*INSTRUCTIONS FOR THE TASK:*
In the records below, begin at the line that has "Western Daily Press Friday" and stop after the line that has "ONIX 1.0 FLEX LT MANUAL9"; quote those lines verbatim and nothing more.

*DATA IN THIS EXERCISE:*
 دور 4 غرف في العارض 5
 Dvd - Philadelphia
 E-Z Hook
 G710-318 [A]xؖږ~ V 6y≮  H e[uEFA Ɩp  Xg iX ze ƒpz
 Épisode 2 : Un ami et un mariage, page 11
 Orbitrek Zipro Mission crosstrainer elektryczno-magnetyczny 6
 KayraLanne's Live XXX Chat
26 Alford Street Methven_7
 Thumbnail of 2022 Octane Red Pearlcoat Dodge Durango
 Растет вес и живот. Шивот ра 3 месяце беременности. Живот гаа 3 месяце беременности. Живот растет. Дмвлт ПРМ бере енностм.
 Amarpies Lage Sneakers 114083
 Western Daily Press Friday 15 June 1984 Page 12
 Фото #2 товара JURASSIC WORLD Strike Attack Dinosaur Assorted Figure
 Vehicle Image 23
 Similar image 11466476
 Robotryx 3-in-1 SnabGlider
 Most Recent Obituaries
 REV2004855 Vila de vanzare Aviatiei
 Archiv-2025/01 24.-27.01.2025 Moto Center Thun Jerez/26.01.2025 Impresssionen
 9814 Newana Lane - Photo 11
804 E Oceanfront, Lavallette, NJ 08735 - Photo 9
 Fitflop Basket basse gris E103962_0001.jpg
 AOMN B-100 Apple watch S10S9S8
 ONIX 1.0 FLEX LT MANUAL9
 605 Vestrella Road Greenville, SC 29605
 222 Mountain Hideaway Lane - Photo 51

*RESPONSE FOR THIS EXERCISE:*
 Western Daily Press Friday 15 June 1984 Page 12
 Фото #2 товара JURASSIC WORLD Strike Attack Dinosaur Assorted Figure
 Vehicle Image 23
 Similar image 11466476
 Robotryx 3-in-1 SnabGlider
 Most Recent Obituaries
 REV2004855 Vila de vanzare Aviatiei
 Archiv-2025/01 24.-27.01.2025 Moto Center Thun Jerez/26.01.2025 Impresssionen
 9814 Newana Lane - Photo 11
804 E Oceanfront, Lavallette, NJ 08735 - Photo 9
 Fitflop Basket basse gris E103962_0001.jpg
 AOMN B-100 Apple watch S10S9S8
 ONIX 1.0 FLEX LT MANUAL9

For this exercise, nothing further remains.